Problem details
Print the line that contains "Hammer Icon: A" and every line that follows it in the data below, ending with the final line; include nothing else.

[Records contained in a dataset]
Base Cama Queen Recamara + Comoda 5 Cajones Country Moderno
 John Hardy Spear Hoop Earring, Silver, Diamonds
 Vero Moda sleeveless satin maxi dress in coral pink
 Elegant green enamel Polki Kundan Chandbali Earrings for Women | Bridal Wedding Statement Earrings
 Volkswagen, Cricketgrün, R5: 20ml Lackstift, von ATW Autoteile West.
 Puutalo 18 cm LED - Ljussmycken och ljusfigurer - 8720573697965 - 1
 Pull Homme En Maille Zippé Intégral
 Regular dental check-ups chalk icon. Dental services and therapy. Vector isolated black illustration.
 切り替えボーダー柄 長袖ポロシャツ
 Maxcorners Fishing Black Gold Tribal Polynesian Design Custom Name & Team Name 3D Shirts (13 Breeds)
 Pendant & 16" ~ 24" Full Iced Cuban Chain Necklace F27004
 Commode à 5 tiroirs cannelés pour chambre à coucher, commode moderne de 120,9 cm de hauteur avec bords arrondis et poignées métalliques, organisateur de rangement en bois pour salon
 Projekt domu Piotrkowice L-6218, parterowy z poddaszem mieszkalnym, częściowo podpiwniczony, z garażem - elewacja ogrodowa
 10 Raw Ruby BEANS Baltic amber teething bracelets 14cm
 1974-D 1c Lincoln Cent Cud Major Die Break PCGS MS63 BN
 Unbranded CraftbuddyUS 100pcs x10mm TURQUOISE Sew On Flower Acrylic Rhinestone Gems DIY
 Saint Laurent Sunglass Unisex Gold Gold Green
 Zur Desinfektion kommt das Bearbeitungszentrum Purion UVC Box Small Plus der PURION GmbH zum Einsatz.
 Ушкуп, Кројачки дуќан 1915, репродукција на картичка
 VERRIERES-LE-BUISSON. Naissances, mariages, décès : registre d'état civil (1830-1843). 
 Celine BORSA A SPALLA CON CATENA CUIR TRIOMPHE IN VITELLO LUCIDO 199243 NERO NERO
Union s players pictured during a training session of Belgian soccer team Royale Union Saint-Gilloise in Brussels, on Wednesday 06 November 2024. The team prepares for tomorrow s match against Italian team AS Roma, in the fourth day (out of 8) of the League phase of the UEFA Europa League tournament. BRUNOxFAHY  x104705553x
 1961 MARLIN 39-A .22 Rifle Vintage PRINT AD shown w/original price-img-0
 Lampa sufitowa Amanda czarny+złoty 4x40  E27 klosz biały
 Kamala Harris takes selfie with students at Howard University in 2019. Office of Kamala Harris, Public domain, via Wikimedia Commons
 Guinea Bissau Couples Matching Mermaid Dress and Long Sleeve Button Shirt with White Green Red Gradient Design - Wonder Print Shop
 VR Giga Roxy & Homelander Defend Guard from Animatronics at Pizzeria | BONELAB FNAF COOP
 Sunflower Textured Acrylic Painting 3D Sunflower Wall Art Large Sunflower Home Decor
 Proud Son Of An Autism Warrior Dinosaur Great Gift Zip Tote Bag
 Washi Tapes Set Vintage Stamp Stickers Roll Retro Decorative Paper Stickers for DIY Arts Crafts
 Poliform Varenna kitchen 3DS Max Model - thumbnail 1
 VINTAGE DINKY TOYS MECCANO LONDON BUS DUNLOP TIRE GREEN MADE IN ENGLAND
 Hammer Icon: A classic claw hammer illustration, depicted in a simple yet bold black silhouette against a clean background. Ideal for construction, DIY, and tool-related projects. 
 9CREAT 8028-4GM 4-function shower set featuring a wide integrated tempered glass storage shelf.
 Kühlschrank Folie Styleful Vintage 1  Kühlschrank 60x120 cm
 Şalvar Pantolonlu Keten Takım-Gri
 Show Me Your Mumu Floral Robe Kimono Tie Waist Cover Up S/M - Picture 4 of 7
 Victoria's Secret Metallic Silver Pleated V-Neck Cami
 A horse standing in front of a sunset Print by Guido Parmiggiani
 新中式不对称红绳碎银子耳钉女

Output of the exercise
 Hammer Icon: A classic claw hammer illustration, depicted in a simple yet bold black silhouette against a clean background. Ideal for construction, DIY, and tool-related projects. 
 9CREAT 8028-4GM 4-function shower set featuring a wide integrated tempered glass storage shelf.
 Kühlschrank Folie Styleful Vintage 1  Kühlschrank 60x120 cm
 Şalvar Pantolonlu Keten Takım-Gri
 Show Me Your Mumu Floral Robe Kimono Tie Waist Cover Up S/M - Picture 4 of 7
 Victoria's Secret Metallic Silver Pleated V-Neck Cami
 A horse standing in front of a sunset Print by Guido Parmiggiani
 新中式不对称红绳碎银子耳钉女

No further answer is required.